But still You have to be organized right? You have to have an organized work. That's the way we always think about it and that follows with another objection that comes up all the time ‘Jehovah has always had an organization.’ Well that's not exactly true because up until the formation of the nation of Israel, 3500 years ago, he didn't have a nation or a people or an organization. He had individuals like Abraham, Isaac, Jacob, Noah, Enoch going back to Abel. But he formed an organization in 1513 B.C.E. under Moses. Now, I know there's going to be people that say 'Oh, wait a minute, wait a minute. The word "organization" doesn't appear in the Bible so you can't say he had an organization.' Well, it's true, the word doesn't appear and we can quibble about that but I don't want to get into an argument over words. So, let's just take it as a given that we can say organization is synonymous with nation, is synonymous with people. Jehovah has a people, he has a nation, he has an organization, he has a congregation. Let's just assume those are synonymous because it really doesn't change the argument we're making.
So he's always had an organization ever since Moses was the one who introduced the old covenant to the nation of Israel – a covenant which they failed to keep. So following that logic along, what happens when the organization goes bad? Because Israel went bad many times. It started out very nicely, they occupied the promised land and then the Bible says that, for actually a period of a few hundred years, each man did what was right in his own eyes. That doesn't mean they did anything they wanted. They were under the law. They had to obey the law and they did – when they were faithful. But they did what was right in their own eyes. In other words, there was nobody on top of them telling them, 'no, no, you got to obey the law this way, you have to obey the law that way.' For example, the pharisees in Jesus day told the people exactly how to obey the law. You know, on the Sabbath, how much work could you do? Could you kill a fly on the Sabbath? They made all these rules but in the initial foundation of Israel, in those first few hundred years, the patriarchs were the head of the family and each family was basically autonomous.

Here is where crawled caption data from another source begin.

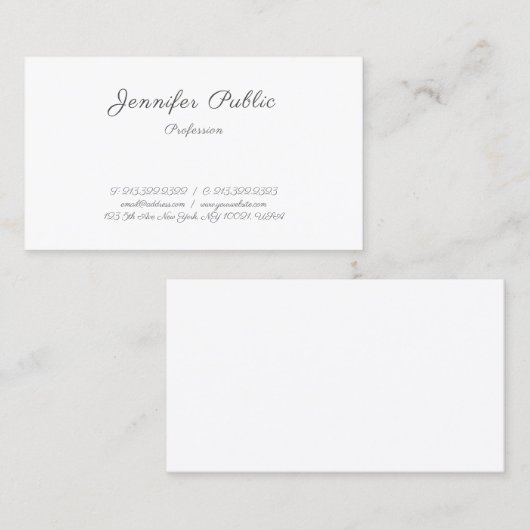 Carte De Visite Écriture manuscrite moderne tendance Modèle simple (Devant / Derrière)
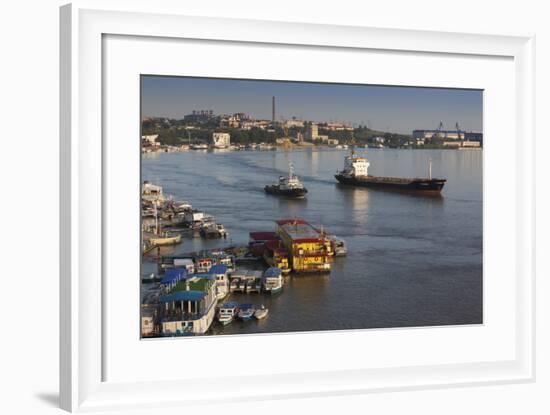 Romania, Tulcea, Freighter on the Danube River at Dawn-Walter Bibikow-Framed Photographic Print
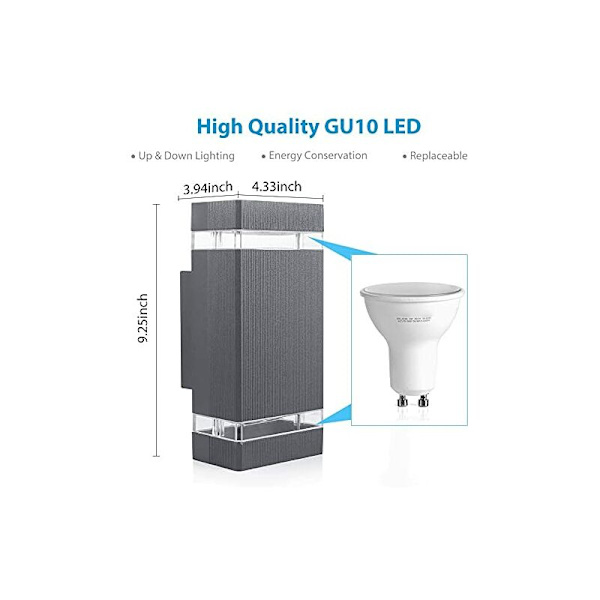Utomhusvägglampa Upp & Ner, Inomhus/Utomhuslampa med 2 x 5W Varmt Vita LED-lampor, Gjutaluminium, IP44 Vattentät Svart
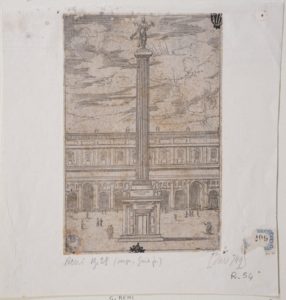 Colonna trionfale in Piazza maggiore (da Descrittione degli apparati fatti in Bologna per la venuta di n. s. papa Clemente VIII, Bologna, Benacci, 1598)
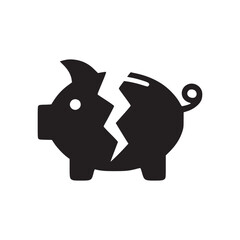 A black and white illustration of a broken piggy bank against a plain white background showing loss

What happened when there was disputes between families? Well they had judges and one of the judges was a female, Deborah. So, it shows Jehovah's view of women is not perhaps what we consider women to be. He actually had a woman judge Israel. It's an interesting thought. But let's just leave it at that. What happened after that? They got tired of deciding for themselves, applying the law for themselves. So what did they do? They wanted a king, they wanted a man to rule over them and Jehovah said, 'This is a bad idea.' He used Samuel to tell them that and they said, 'no, no, no we'll still have a king over us. We want a king.' So they got a king and things really started to go bad after that.
So, we come to one of the kings, the king of the ten tribe nation, Ahab, who married a foreigner, Jezebel. Who induced him to worship Baal. So Baal worship became rampant in Israel and here you have poor Elijah, he wants to be faithful. Now he sent him to preach to the power of the king and tell him he's doing wrong. Not surprisingly things didn't go well. People in power don't like to be told they're wrong, especially when the person telling them is speaking truth. The only way to deal with that in their mind is to silence the prophet, which is what they sought to do with Elijah. And he had to flee for his life. So he fled all the way to Mount Horeb seeking guidance from God and in 1 Kings 19:14, we read: To this he said: “I have been absolutely zealous for Jehovah the God of armies; for the people of Israel have forsaken your covenant, your altars they have torn down, and your prophets they have killed with the sword, and I am the only one left. Now they are seeking to take my life away.”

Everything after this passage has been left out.